First, my apologies for being terse in my message, I'm just short on 
time this month.

Problems:
   addBatch is an optional method in Statement.  It is not guarenteed to 
be implemented by all drivers (in fact it is not implemented in the 
mySQL driver I use). 

   Your logEvents table definition is not valid on all databases.  And 
in fact it's not valid on -most- databases.  And any table we come up 
with will lack something a user may want, until we have some much that 
it's overly bloated for 95% of the users.  Then we would likely need to 
write several different versions of the table creation to support the 
different databases.

   Note that your prepared statements were in fact slower than simple 
statements and not all databases truely support prepared statements 
(mySQL is the only slacker that I know of but there may be others).

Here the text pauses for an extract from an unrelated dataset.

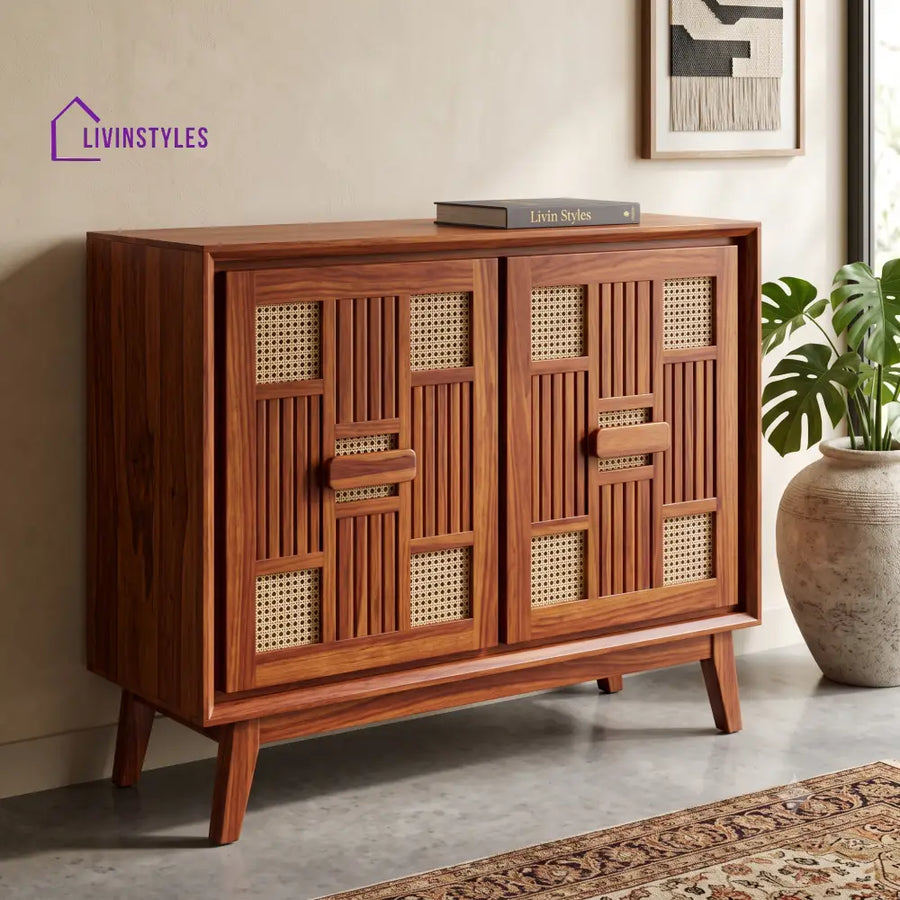 Geetha Sheesham Wood Shoe Rack | Wooden Shoe Cabinet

Suggestions/Solutions/Previous design considerations:

   When I first wrote the JDBCAppender I knew that it would be used on a 
variety of databases in different circumstances for users with different 
logging needs.  The base level JDBCAppender needs to support that level 
of generality.  The only way to support that variety is to leave the sql 
and the table definition to the user.  The current JDBCAppender supports 
this in an easy and straight forward way.  In particular, if users want 
prepared statements they can set the sql to call a stored procedure of 
their choice (in essence what the prepared statement does).  The 
advantage here is that the users' table can be matched to their 
particular needs -- for example, storing Thread but not NDC, or Class & 
line number, or an Event extension...  It also allows them to log to an 
existing table in a legacy installation.
   Due to the problems above and the design goals in the previous 
paragraph I am strong opposed to tieing the basic JDBCAppender to a 
particular table definition.

   There clearly is value to having other components able to query the 
database for log events.  Chainsaw is the obvious example.  Someone just 
posted to the user list that Chainsaw can already do this.  It's my 
opinion that the database reader bears a burden of being configurable to 
the proper database. 
   Alternately, log4j could have a -preffered- table definition.  A few 
scripts and default configuration files could be included with the 
distribution for this preferred definition.  Then log4j would integrate 
on that 'out of the box', but would easily be configurable to something 
else.  Richard Post's points about views and item-mapping are 
particularly relevant here. 

   Along those same lines, making the JDBCAppender asynchronous via the 
AsyncAppender is clearly of value to users who can't wait for the insert 
time.  An example config file in the distribution should solve this 
issue very neatly.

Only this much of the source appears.